#### Exercise prompt:
Note each line of the entries that includes "brown". Then copy those lines.

#### Dataset entries:
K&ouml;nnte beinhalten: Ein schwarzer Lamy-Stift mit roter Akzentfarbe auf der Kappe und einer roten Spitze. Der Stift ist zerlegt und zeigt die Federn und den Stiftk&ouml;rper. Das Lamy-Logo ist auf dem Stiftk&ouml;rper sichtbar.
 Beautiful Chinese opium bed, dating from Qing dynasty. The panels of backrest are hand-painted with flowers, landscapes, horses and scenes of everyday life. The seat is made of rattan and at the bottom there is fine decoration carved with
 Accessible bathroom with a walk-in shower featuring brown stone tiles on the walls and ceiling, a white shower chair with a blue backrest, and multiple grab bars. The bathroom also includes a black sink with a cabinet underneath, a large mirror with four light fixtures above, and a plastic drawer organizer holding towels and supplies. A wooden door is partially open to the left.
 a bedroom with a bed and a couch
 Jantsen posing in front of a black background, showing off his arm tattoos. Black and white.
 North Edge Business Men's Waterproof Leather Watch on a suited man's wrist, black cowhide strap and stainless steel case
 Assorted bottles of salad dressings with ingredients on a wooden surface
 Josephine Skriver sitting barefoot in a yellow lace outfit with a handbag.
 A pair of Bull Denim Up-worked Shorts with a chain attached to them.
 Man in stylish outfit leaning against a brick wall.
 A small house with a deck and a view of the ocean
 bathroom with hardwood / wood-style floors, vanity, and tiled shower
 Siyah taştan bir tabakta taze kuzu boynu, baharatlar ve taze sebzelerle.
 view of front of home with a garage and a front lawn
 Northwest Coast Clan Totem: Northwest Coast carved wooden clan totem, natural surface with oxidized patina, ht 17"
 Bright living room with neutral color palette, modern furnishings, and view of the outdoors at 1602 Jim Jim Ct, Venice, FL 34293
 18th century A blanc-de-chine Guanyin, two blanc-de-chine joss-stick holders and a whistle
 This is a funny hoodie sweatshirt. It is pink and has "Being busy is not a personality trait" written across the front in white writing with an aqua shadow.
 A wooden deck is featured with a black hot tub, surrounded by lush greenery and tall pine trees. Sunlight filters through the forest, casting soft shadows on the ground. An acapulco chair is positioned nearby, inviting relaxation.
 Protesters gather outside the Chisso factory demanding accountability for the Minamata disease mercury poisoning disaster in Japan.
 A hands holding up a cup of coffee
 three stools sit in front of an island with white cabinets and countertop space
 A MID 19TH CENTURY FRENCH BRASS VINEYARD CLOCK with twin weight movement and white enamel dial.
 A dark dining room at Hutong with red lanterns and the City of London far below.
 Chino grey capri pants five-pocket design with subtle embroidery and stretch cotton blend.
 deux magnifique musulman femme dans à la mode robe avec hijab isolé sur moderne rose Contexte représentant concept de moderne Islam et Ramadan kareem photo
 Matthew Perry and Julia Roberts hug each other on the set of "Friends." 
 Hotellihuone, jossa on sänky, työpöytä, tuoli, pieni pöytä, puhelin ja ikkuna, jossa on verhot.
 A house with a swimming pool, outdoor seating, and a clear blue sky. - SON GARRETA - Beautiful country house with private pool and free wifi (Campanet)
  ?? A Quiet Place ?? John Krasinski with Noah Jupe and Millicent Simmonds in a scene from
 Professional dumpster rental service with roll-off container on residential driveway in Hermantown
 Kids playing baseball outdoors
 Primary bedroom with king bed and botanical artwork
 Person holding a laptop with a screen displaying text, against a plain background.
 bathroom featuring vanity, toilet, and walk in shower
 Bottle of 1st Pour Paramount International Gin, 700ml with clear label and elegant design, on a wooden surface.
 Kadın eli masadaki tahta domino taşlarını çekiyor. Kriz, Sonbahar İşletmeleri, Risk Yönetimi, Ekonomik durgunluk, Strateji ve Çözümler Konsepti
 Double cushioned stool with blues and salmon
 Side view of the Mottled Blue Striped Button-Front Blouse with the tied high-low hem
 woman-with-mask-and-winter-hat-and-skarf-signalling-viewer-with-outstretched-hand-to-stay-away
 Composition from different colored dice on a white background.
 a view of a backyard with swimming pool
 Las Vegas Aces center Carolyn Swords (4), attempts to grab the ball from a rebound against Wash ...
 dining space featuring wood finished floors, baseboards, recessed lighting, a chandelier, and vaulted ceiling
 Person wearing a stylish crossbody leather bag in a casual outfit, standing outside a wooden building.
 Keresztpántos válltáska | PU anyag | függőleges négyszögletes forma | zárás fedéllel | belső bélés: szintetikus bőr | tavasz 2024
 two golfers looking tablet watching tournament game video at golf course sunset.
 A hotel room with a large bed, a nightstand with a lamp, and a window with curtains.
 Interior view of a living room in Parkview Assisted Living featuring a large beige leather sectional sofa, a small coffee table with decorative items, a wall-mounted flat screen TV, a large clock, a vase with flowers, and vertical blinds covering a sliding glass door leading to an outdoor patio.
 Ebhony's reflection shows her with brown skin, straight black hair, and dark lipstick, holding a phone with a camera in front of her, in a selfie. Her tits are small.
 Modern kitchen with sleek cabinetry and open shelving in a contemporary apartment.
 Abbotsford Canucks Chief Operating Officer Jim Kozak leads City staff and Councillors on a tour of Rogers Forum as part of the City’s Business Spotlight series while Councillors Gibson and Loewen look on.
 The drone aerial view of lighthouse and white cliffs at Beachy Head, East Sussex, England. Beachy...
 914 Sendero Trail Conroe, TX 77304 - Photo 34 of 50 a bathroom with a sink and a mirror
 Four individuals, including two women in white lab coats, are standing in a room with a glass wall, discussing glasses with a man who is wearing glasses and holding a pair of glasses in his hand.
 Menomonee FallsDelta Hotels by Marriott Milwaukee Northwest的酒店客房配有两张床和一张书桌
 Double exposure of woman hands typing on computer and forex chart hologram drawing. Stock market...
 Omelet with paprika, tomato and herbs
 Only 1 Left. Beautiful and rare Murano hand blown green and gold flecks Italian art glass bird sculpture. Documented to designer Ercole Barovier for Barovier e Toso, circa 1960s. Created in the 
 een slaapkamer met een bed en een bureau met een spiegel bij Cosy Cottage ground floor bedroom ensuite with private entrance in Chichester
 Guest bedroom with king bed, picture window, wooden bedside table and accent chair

#### Response to the task:
 Accessible bathroom with a walk-in shower featuring brown stone tiles on the walls and ceiling, a white shower chair with a blue backrest, and multiple grab bars. The bathroom also includes a black sink with a cabinet underneath, a large mirror with four light fixtures above, and a plastic drawer organizer holding towels and supplies. A wooden door is partially open to the left.
 Ebhony's reflection shows her with brown skin, straight black hair, and dark lipstick, holding a phone with a camera in front of her, in a selfie. Her tits are small.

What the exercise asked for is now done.